I would advise covering battery terminals, starter motor and alternator, anything really that you wouldn't want water getting into just to be on the safe side

Also use a pressure washer on a pretty low pressure, spray whole bay with an APC such as AS G101, agitate if necessary and rinse thoroughly before letting dry and dressing with something like Aerospace 303 or AS Finish


----------



## suspal (Dec 29, 2011)

generally the pd engine is bomb proof anything electrical spray wd40 on them and wrap them up with a carrier bag foil or cling film,avoid wetting the sound proofing on the underside of the bonnet.

I drive a bora 1.9 130bhp standard no mods.


----------



## BassBora (Jul 22, 2013)

suspal said:


> generally the pd engine is bomb proof anything electrical spray wd40 on them and wrap them up with a carrier bag foil or cling film,avoid wetting the sound proofing on the underside of the bonnet.
> 
> I drive a bora 1.9 130bhp standard no mods.

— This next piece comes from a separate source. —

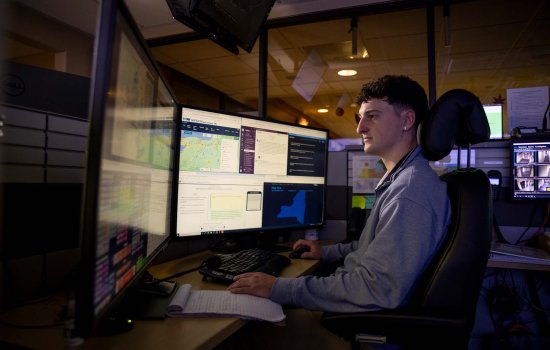 A student reviews multiple computer screens from the New York State Watch Center.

mines the PD100 but ive got 2.5" straight pipe and pipercross panel filter. and a custom 210amp alternator with adjustable regulator

i took the sound deadening off lol


----------



## supermat (May 28, 2014)

I've got the 130 bora  awesome car!


----------



## Alan16ac (Jul 28, 2011)

Sorry no advice on pressure washing. But I have a 130 Superb and a 130 Fabia VRS, bloody awesome engine!


----------